Task item: Your answer should repeat the listing in full, with no line missing or altered.
### Data supplied ###
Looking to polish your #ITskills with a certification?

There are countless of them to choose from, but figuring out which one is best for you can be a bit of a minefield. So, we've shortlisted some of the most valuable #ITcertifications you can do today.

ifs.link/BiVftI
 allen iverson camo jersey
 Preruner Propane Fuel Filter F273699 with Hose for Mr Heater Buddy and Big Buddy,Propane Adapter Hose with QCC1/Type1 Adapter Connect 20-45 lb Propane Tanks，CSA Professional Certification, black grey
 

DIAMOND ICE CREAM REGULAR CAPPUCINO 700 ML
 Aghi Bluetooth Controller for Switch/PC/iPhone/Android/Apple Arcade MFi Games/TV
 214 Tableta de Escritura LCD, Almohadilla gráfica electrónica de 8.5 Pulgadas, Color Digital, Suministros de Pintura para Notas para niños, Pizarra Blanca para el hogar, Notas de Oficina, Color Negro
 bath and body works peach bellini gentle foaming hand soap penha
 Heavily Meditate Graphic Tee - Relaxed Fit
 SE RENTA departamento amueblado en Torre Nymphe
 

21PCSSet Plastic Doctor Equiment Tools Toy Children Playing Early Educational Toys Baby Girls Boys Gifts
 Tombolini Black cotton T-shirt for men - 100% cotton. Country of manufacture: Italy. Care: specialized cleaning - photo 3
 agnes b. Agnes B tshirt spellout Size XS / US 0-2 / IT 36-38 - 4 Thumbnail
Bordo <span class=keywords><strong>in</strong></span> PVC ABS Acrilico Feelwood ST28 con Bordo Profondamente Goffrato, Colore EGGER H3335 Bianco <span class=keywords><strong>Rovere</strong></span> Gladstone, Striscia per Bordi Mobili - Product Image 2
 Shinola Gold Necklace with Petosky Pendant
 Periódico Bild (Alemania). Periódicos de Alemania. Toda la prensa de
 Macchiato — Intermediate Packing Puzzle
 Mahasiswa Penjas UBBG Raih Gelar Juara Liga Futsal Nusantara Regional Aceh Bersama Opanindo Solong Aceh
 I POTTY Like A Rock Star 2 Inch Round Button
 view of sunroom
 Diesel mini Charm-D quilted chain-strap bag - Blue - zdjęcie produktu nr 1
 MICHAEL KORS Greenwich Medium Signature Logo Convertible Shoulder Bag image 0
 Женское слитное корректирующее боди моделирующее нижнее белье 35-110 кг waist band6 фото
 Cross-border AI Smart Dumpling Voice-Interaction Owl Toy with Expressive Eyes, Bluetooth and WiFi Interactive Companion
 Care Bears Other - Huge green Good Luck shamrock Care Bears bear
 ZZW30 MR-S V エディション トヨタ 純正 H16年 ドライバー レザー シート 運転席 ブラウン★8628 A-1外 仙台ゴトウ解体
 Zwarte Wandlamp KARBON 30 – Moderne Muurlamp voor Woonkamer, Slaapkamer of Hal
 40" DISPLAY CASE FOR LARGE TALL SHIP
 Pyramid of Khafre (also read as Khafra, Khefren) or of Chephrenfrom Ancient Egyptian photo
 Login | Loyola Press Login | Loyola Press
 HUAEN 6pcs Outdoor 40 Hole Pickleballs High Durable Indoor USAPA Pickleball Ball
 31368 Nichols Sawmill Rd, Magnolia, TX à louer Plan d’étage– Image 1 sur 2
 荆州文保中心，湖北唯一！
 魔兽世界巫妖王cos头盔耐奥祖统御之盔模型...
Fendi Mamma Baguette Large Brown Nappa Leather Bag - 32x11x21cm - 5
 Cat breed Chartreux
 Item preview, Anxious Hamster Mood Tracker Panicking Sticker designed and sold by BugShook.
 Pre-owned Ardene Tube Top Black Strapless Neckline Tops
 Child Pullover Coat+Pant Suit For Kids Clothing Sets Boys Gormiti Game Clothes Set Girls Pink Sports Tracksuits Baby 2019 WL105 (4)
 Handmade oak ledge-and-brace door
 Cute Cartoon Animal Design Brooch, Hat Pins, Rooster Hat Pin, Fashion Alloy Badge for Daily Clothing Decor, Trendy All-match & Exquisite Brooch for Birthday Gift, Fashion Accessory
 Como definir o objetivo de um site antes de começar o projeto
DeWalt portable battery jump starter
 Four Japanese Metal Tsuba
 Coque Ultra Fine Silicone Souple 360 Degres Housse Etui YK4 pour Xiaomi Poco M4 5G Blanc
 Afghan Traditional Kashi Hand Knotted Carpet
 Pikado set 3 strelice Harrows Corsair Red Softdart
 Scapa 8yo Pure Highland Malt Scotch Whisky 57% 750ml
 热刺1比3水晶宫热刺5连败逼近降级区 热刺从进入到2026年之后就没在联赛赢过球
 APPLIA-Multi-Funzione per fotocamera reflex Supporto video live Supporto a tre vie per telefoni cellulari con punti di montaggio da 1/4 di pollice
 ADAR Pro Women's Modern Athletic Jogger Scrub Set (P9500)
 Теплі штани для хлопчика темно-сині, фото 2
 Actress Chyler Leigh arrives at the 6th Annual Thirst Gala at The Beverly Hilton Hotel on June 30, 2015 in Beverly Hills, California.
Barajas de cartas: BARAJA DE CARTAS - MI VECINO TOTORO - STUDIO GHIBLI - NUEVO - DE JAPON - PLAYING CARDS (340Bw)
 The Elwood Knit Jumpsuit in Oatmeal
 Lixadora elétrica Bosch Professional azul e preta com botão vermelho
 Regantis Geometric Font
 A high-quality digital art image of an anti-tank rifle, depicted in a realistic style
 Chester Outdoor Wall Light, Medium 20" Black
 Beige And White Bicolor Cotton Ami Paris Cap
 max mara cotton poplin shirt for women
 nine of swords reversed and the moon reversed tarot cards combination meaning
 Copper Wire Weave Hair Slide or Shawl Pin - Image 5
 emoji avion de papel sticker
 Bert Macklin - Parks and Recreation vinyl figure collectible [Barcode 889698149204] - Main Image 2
###
Answer box:
Looking to polish your #ITskills with a certification?

There are countless of them to choose from, but figuring out which one is best for you can be a bit of a minefield. So, we've shortlisted some of the most valuable #ITcertifications you can do today.

ifs.link/BiVftI
 allen iverson camo jersey
 Preruner Propane Fuel Filter F273699 with Hose for Mr Heater Buddy and Big Buddy,Propane Adapter Hose with QCC1/Type1 Adapter Connect 20-45 lb Propane Tanks，CSA Professional Certification, black grey
 

DIAMOND ICE CREAM REGULAR CAPPUCINO 700 ML
 Aghi Bluetooth Controller for Switch/PC/iPhone/Android/Apple Arcade MFi Games/TV
 214 Tableta de Escritura LCD, Almohadilla gráfica electrónica de 8.5 Pulgadas, Color Digital, Suministros de Pintura para Notas para niños, Pizarra Blanca para el hogar, Notas de Oficina, Color Negro
 bath and body works peach bellini gentle foaming hand soap penha
 Heavily Meditate Graphic Tee - Relaxed Fit
 SE RENTA departamento amueblado en Torre Nymphe
 

21PCSSet Plastic Doctor Equiment Tools Toy Children Playing Early Educational Toys Baby Girls Boys Gifts
 Tombolini Black cotton T-shirt for men - 100% cotton. Country of manufacture: Italy. Care: specialized cleaning - photo 3
 agnes b. Agnes B tshirt spellout Size XS / US 0-2 / IT 36-38 - 4 Thumbnail
Bordo <span class=keywords><strong>in</strong></span> PVC ABS Acrilico Feelwood ST28 con Bordo Profondamente Goffrato, Colore EGGER H3335 Bianco <span class=keywords><strong>Rovere</strong></span> Gladstone, Striscia per Bordi Mobili - Product Image 2
 Shinola Gold Necklace with Petosky Pendant
 Periódico Bild (Alemania). Periódicos de Alemania. Toda la prensa de
 Macchiato — Intermediate Packing Puzzle
 Mahasiswa Penjas UBBG Raih Gelar Juara Liga Futsal Nusantara Regional Aceh Bersama Opanindo Solong Aceh
 I POTTY Like A Rock Star 2 Inch Round Button
 view of sunroom
 Diesel mini Charm-D quilted chain-strap bag - Blue - zdjęcie produktu nr 1
 MICHAEL KORS Greenwich Medium Signature Logo Convertible Shoulder Bag image 0
 Женское слитное корректирующее боди моделирующее нижнее белье 35-110 кг waist band6 фото
 Cross-border AI Smart Dumpling Voice-Interaction Owl Toy with Expressive Eyes, Bluetooth and WiFi Interactive Companion
 Care Bears Other - Huge green Good Luck shamrock Care Bears bear
 ZZW30 MR-S V エディション トヨタ 純正 H16年 ドライバー レザー シート 運転席 ブラウン★8628 A-1外 仙台ゴトウ解体
 Zwarte Wandlamp KARBON 30 – Moderne Muurlamp voor Woonkamer, Slaapkamer of Hal
 40" DISPLAY CASE FOR LARGE TALL SHIP
 Pyramid of Khafre (also read as Khafra, Khefren) or of Chephrenfrom Ancient Egyptian photo
 Login | Loyola Press Login | Loyola Press
 HUAEN 6pcs Outdoor 40 Hole Pickleballs High Durable Indoor USAPA Pickleball Ball
 31368 Nichols Sawmill Rd, Magnolia, TX à louer Plan d’étage– Image 1 sur 2
 荆州文保中心，湖北唯一！
 魔兽世界巫妖王cos头盔耐奥祖统御之盔模型...
Fendi Mamma Baguette Large Brown Nappa Leather Bag - 32x11x21cm - 5
 Cat breed Chartreux
 Item preview, Anxious Hamster Mood Tracker Panicking Sticker designed and sold by BugShook.
 Pre-owned Ardene Tube Top Black Strapless Neckline Tops
 Child Pullover Coat+Pant Suit For Kids Clothing Sets Boys Gormiti Game Clothes Set Girls Pink Sports Tracksuits Baby 2019 WL105 (4)
 Handmade oak ledge-and-brace door
 Cute Cartoon Animal Design Brooch, Hat Pins, Rooster Hat Pin, Fashion Alloy Badge for Daily Clothing Decor, Trendy All-match & Exquisite Brooch for Birthday Gift, Fashion Accessory
 Como definir o objetivo de um site antes de começar o projeto
DeWalt portable battery jump starter
 Four Japanese Metal Tsuba
 Coque Ultra Fine Silicone Souple 360 Degres Housse Etui YK4 pour Xiaomi Poco M4 5G Blanc
 Afghan Traditional Kashi Hand Knotted Carpet
 Pikado set 3 strelice Harrows Corsair Red Softdart
 Scapa 8yo Pure Highland Malt Scotch Whisky 57% 750ml
 热刺1比3水晶宫热刺5连败逼近降级区 热刺从进入到2026年之后就没在联赛赢过球
 APPLIA-Multi-Funzione per fotocamera reflex Supporto video live Supporto a tre vie per telefoni cellulari con punti di montaggio da 1/4 di pollice
 ADAR Pro Women's Modern Athletic Jogger Scrub Set (P9500)
 Теплі штани для хлопчика темно-сині, фото 2
 Actress Chyler Leigh arrives at the 6th Annual Thirst Gala at The Beverly Hilton Hotel on June 30, 2015 in Beverly Hills, California.
Barajas de cartas: BARAJA DE CARTAS - MI VECINO TOTORO - STUDIO GHIBLI - NUEVO - DE JAPON - PLAYING CARDS (340Bw)
 The Elwood Knit Jumpsuit in Oatmeal
 Lixadora elétrica Bosch Professional azul e preta com botão vermelho
 Regantis Geometric Font
 A high-quality digital art image of an anti-tank rifle, depicted in a realistic style
 Chester Outdoor Wall Light, Medium 20" Black
 Beige And White Bicolor Cotton Ami Paris Cap
 max mara cotton poplin shirt for women
 nine of swords reversed and the moon reversed tarot cards combination meaning
 Copper Wire Weave Hair Slide or Shawl Pin - Image 5
 emoji avion de papel sticker
 Bert Macklin - Parks and Recreation vinyl figure collectible [Barcode 889698149204] - Main Image 2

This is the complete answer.